→ **WHAT YOU ARE ASKED TO DO**:
Reproduce only what runs from the line containing "Red Autumn Winter" to the line containing "السنويه 2027" in the records below, inclusive. Keep it exact, and keep the pictures out.

(RECORD EXCERPTS)

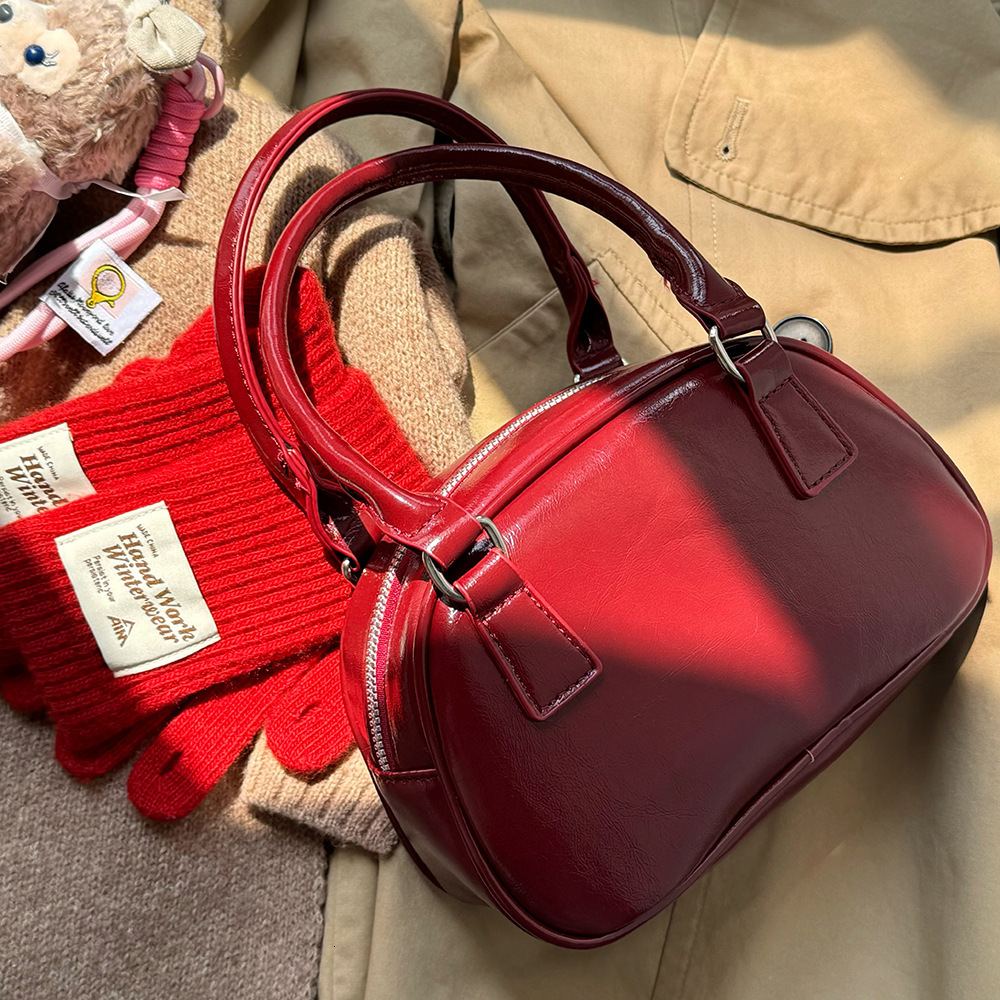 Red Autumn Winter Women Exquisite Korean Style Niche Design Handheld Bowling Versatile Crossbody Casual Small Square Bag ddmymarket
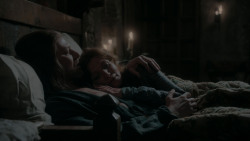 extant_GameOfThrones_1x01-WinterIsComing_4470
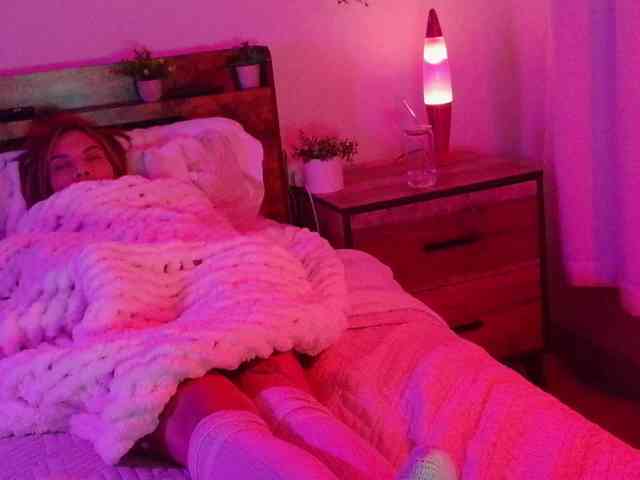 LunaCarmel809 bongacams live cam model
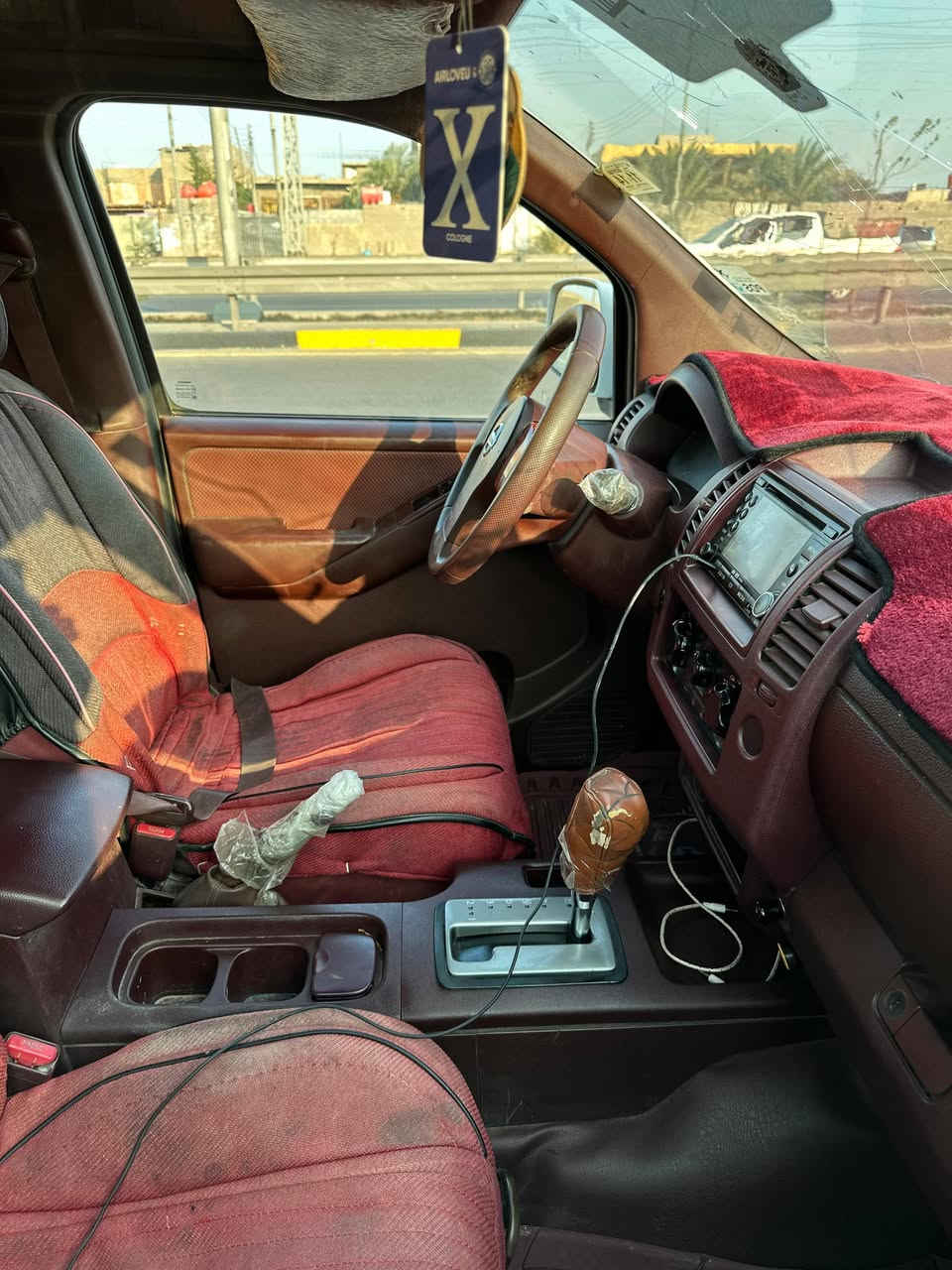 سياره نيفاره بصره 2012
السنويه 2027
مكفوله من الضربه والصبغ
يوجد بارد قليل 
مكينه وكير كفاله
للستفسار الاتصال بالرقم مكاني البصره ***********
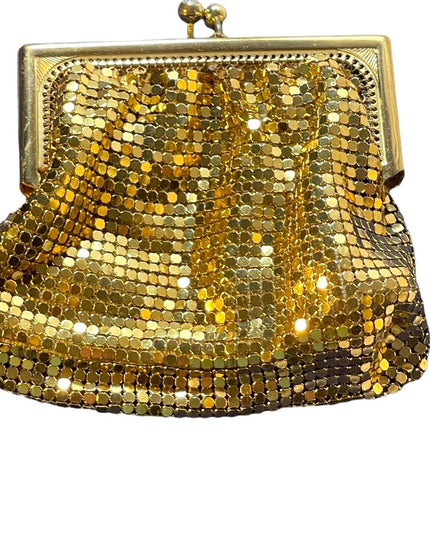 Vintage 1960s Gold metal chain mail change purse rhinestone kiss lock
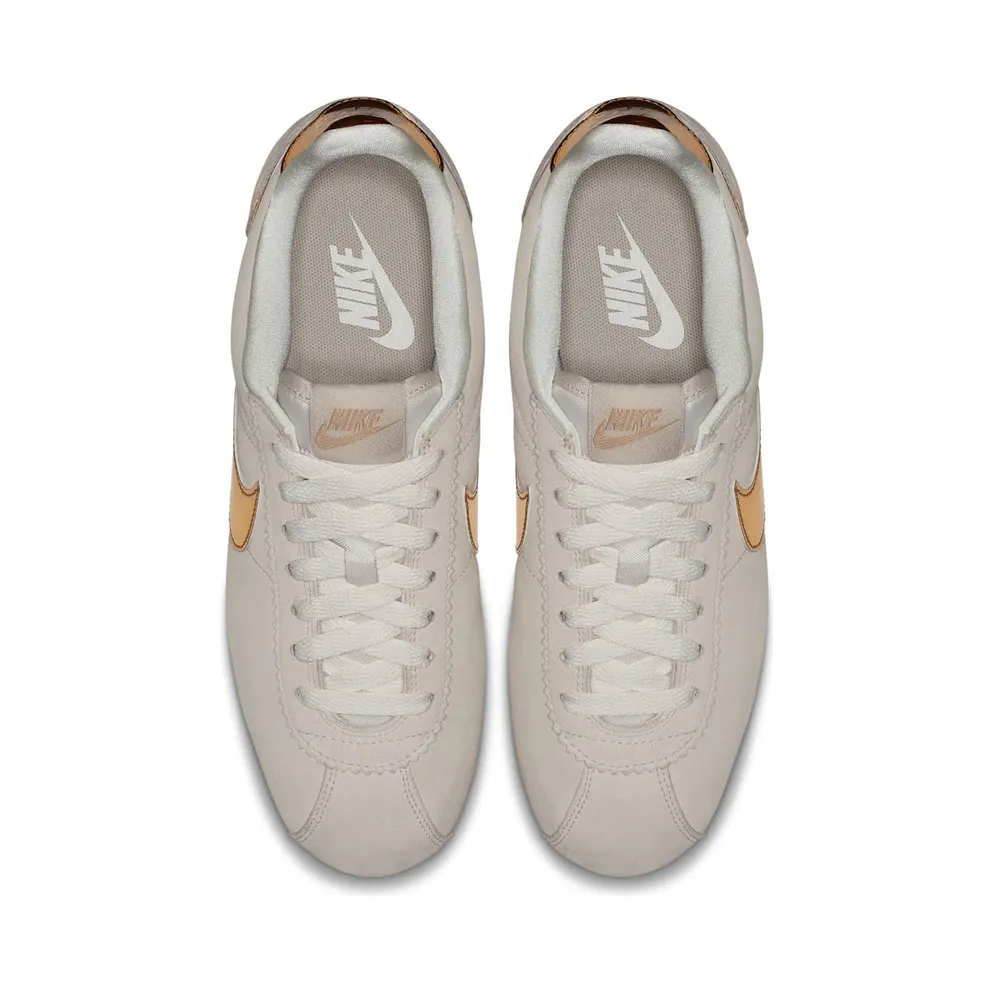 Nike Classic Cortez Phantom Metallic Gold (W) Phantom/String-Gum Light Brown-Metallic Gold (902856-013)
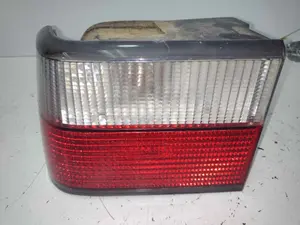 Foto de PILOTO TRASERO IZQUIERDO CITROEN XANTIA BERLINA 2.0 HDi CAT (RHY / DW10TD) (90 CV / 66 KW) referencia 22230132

(End RECORD EXCERPTS)
(RECORD EXCERPTS)

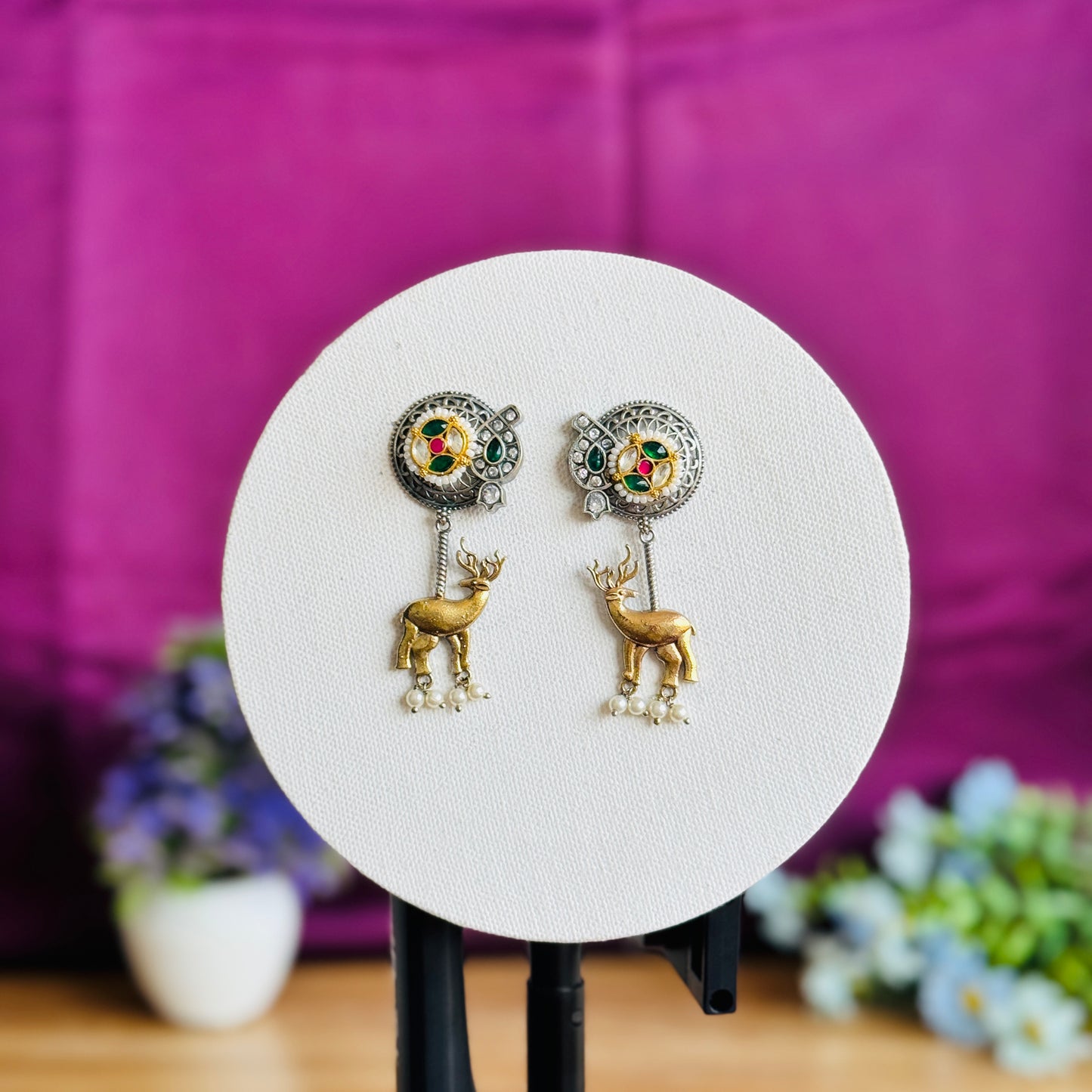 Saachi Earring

(End RECORD EXCERPTS)

→ **ANSWER SPACE**:
 Red Autumn Winter Women Exquisite Korean Style Niche Design Handheld Bowling Versatile Crossbody Casual Small Square Bag ddmymarket
 extant_GameOfThrones_1x01-WinterIsComing_4470
 LunaCarmel809 bongacams live cam model
 سياره نيفاره بصره 2012
السنويه 2027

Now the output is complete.